Community ESLint plugin for catching array memory leaks in jax-js applications at edit time. Not affiliated with or endorsed by the jax-js project.

jax-js uses a consuming ownership model: most operations dispose their input arrays automatically. If you create an array and never pass it to an operation or call .dispose(), the underlying backend memory leaks. Calling .ref bumps the reference count so an array survives past a consuming operation, but forgetting to .dispose() the extra reference also leaks. These lint rules catch the most common leak patterns statically, so you get red squiggles in your editor instead of discovering leaks at runtime.

Design philosophy

The plugin warns about ownership violations everywhere, including inside jit() callbacks. jax-js's jit() traces operations symbolically and does not actually consume arrays at trace time, so the warnings are technically false positives there. We warn anyway, on purpose:

Write code that is ownership-correct in both jit and eager mode.

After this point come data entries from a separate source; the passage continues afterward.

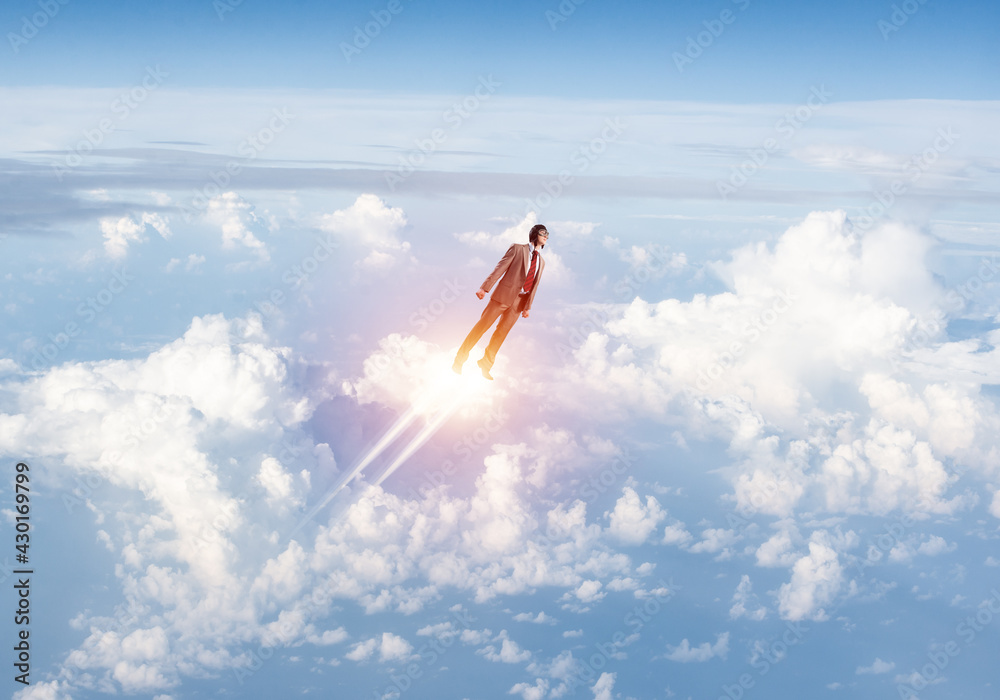 Businessman in suit and aviator hat flying in sky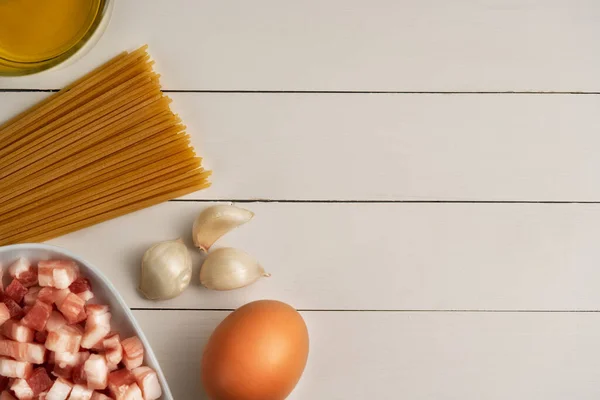 素朴な表面にイタリアのカルボナーラのための調理成分 パスタ パンチェッタとスパゲティ パルメザンチーズ ベーコン クリーム ニンニク オリーブオイル トップビュー コピースペース — ストック写真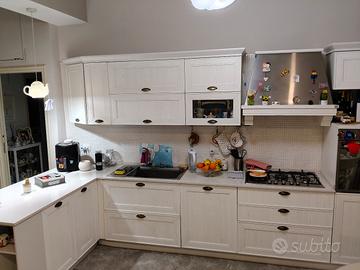 cucina con elettrodomestici  e tavolo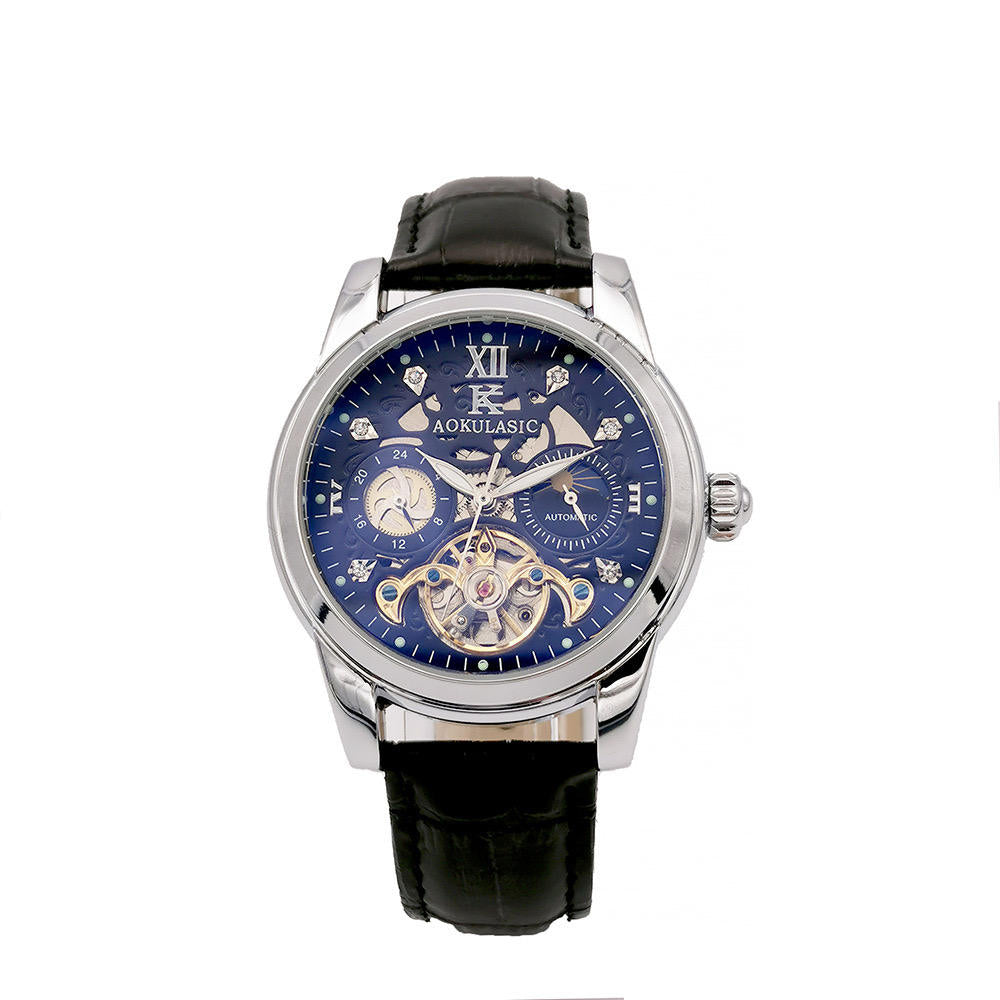 Il PACOSHOP24.COM Orologio automatico uomo con fasi lunari è dotato di cinturino in pelle nera, cassa argentata, intricato quadrante blu con molteplici contatori, numero romano XII, ingranaggi a vista e indicazione delle fasi lunari sul quadrante.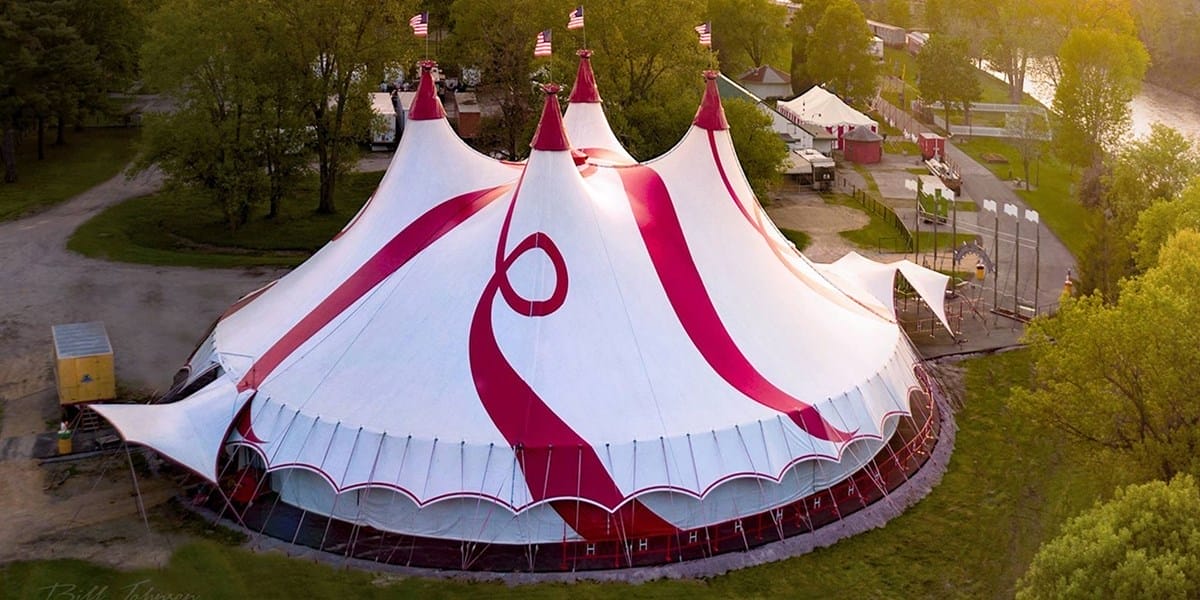 A large white circus tent with red stripes and multiple peaks is set up in a grassy area with surrounding trees and nearby buildings.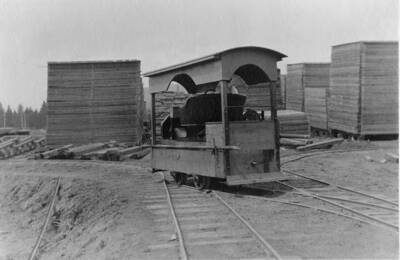 A postcard depicting a vehicle used in lumber yards. Behind it are stacks of board lumber.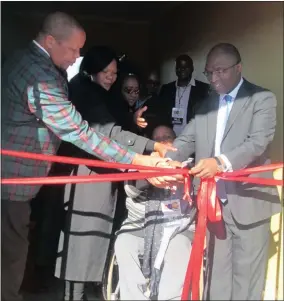  ??  ?? OPENING: Deputy Minister Magwanishe and Professor Nevhutanda cutting the ribbon to open the Masakhane Educare Centre in Kuruman.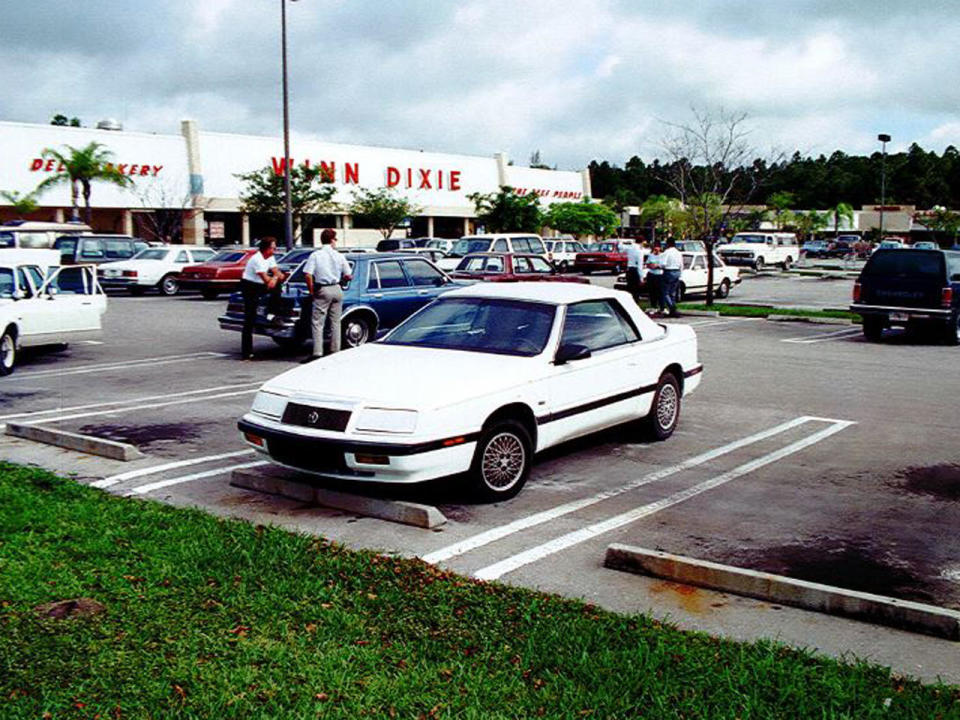 Four days after Marlene Warren was shot, police  found this white Chrysler LeBaron in a parking lot eight miles from the crime scene. Marlene's son Joe Ahrens remembered seeing the clown drive away in a car fitting this description. Inside the car police found orange fibers that resembled hair from a clown wig and several strands of brown human hair. / Credit: Palm Beach County Sheriff's Dept.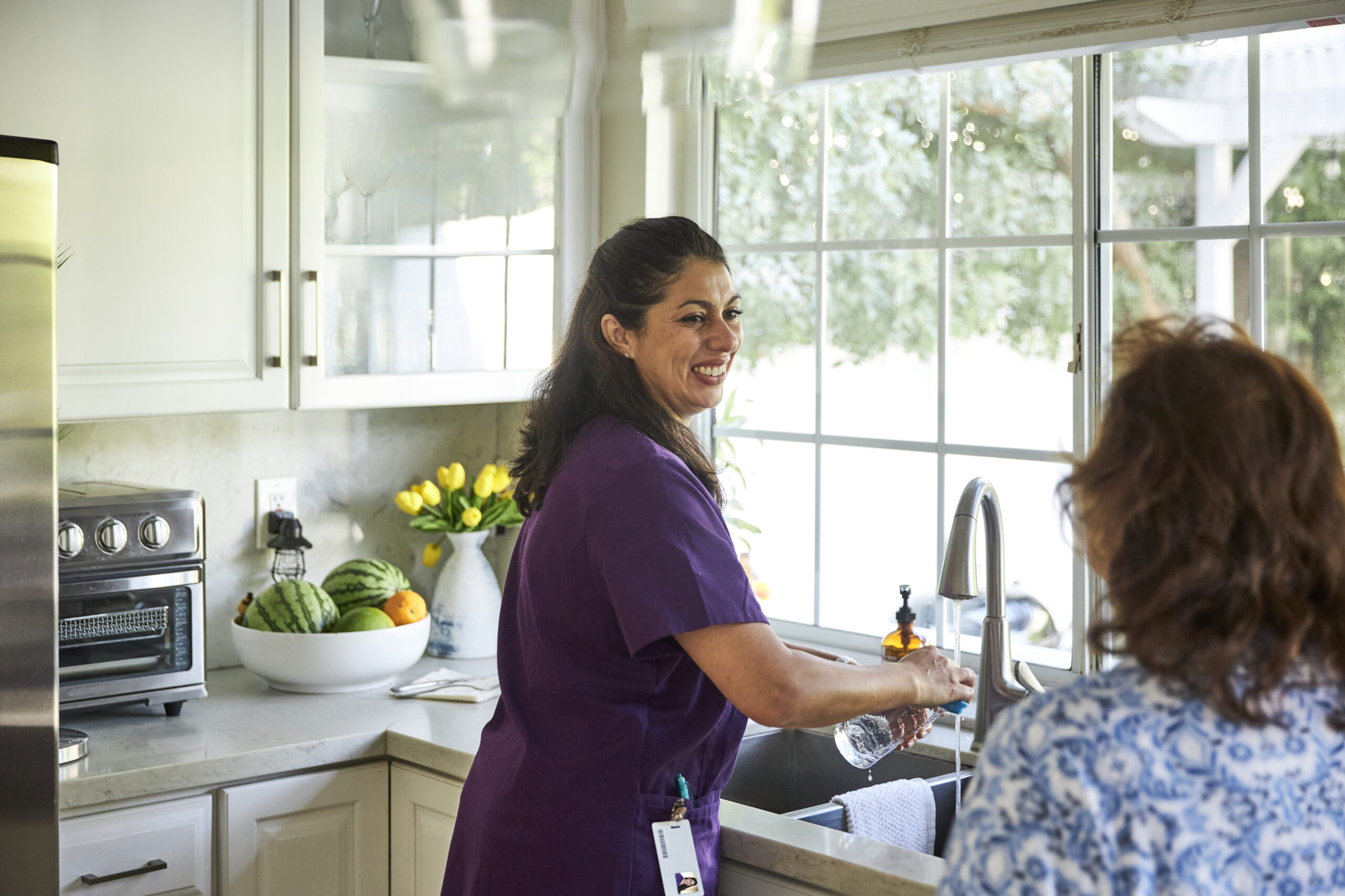 Un aidant familial fait la vaisselle dans la cuisine, sourit et parle à une autre personne.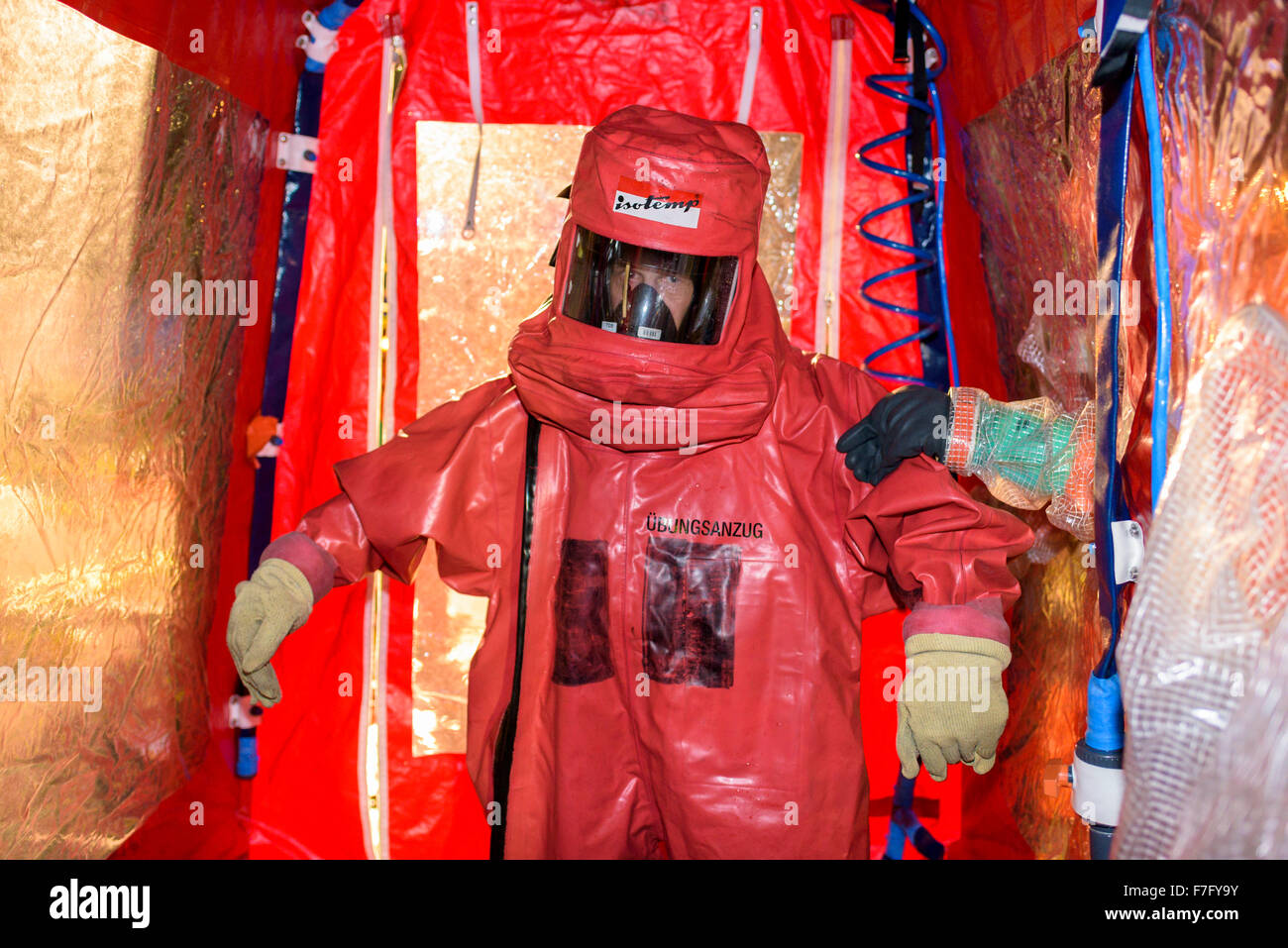 Firefighters in abc protective suits practice for an emergency in a power plant, using a decontamination facility. Stock Photo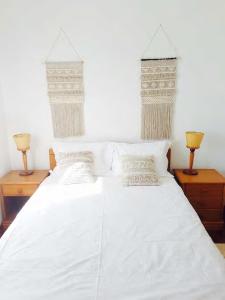 1 dormitorio con 2 camas con sábanas blancas y 2 lámparas en BEACH-SURF house en Moledo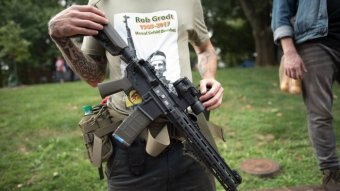 A man holding a gun with an Antifa shirt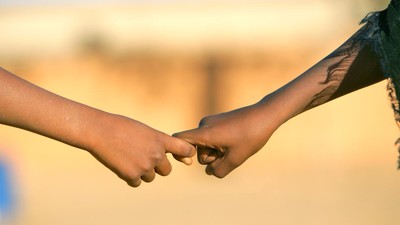 Photo of 2 children holding hands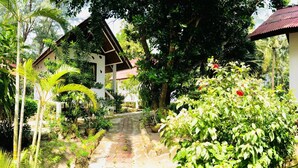 A pathway leading to a row of traditional-style houses surrounded by lush greenery and tropical plants. - Haad Khuad Resort (Ko Pha-ngan)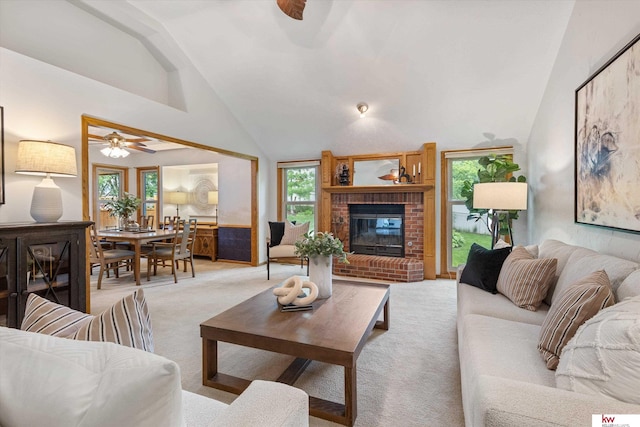 14460 Patrick Ave, Omaha, NE 68116 - living area with a ceiling fan, light carpet, a brick fireplace, and high vaulted ceiling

If your code only works under jit() tracing but leaks or crashes in eager mode, you cannot freely switch between the two — and switching is something you do often during development (debugging, profiling, adding logging). By keeping your code ownership-correct at all times, jit() becomes a pure performance optimization you can add or remove without changing program semantics.

If a warning doesn't apply to your situation, you have two options:

  • // @jax-borrow — for calls to your own non-consuming helpers (see no-use-after-consume).
  • eslint-disable — for anything else (long-lived caches, intentional leaks, etc.). See Suppressing warnings.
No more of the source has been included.